> [Information provided]

------------------------------------------------------------

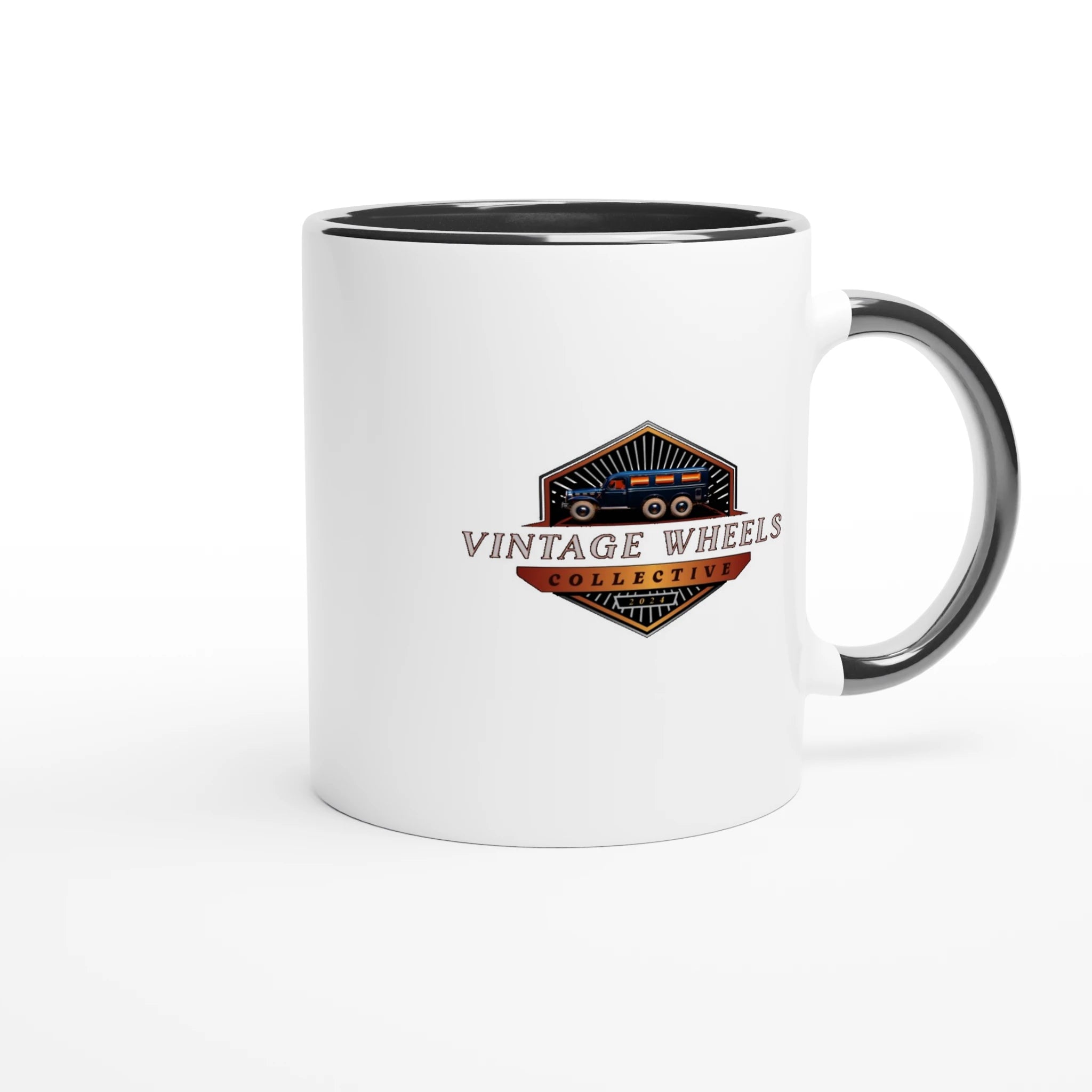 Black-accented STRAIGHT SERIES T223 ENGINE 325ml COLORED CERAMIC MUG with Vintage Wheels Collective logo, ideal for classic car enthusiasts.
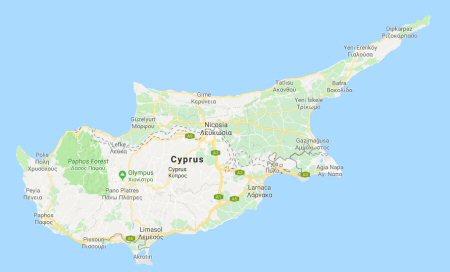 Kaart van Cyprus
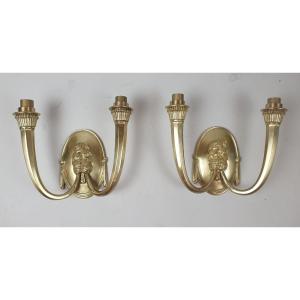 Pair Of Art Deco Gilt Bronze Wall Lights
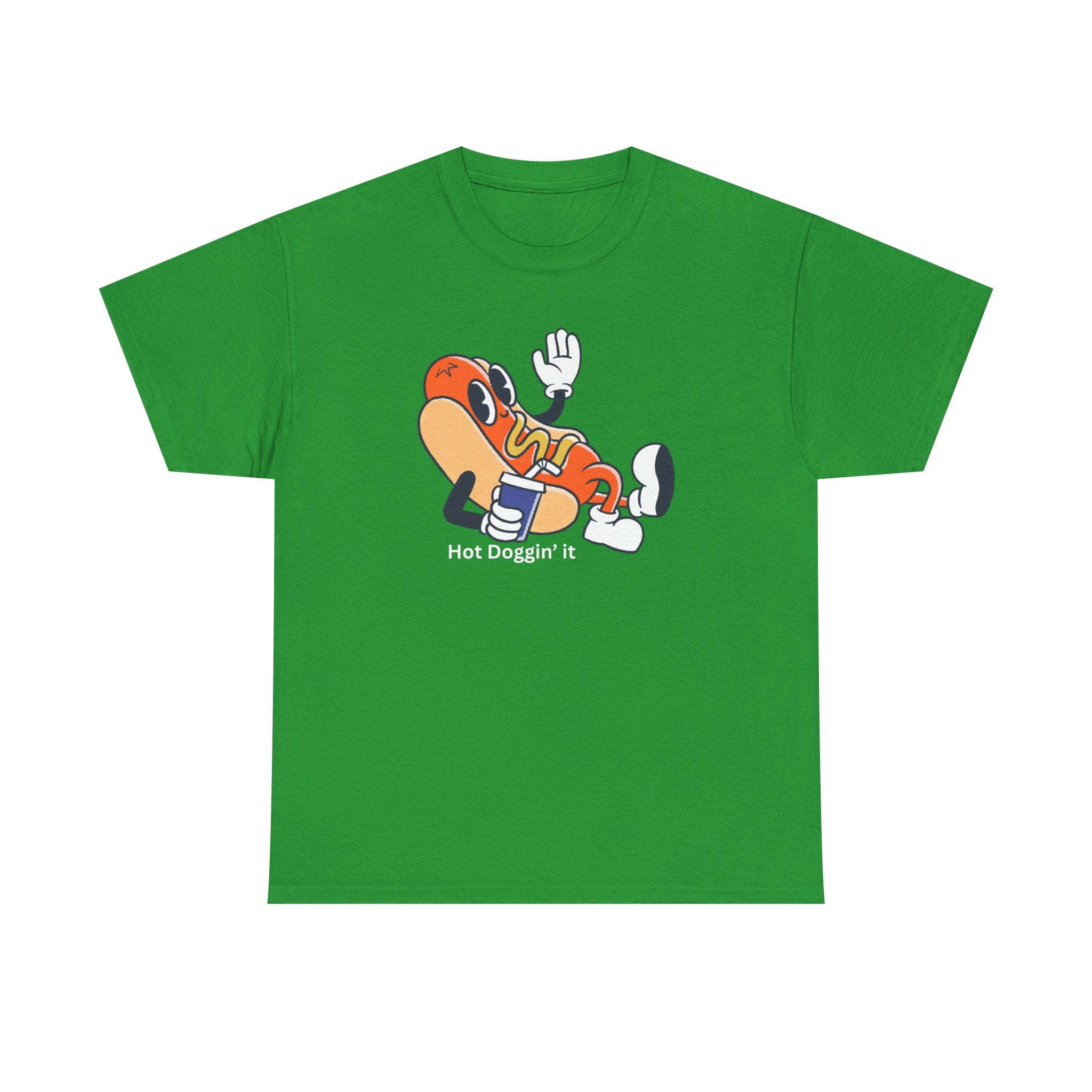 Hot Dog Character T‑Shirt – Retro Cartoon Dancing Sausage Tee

------------------------------------------------------------

> [Task instructions] The lines from the one holding "Kaart van Cyprus" through the end of the material above are to be echoed exactly, both ends included. Do not include pictures.

> [Task answer]
 Kaart van Cyprus
 Pair Of Art Deco Gilt Bronze Wall Lights
 Hot Dog Character T‑Shirt – Retro Cartoon Dancing Sausage Tee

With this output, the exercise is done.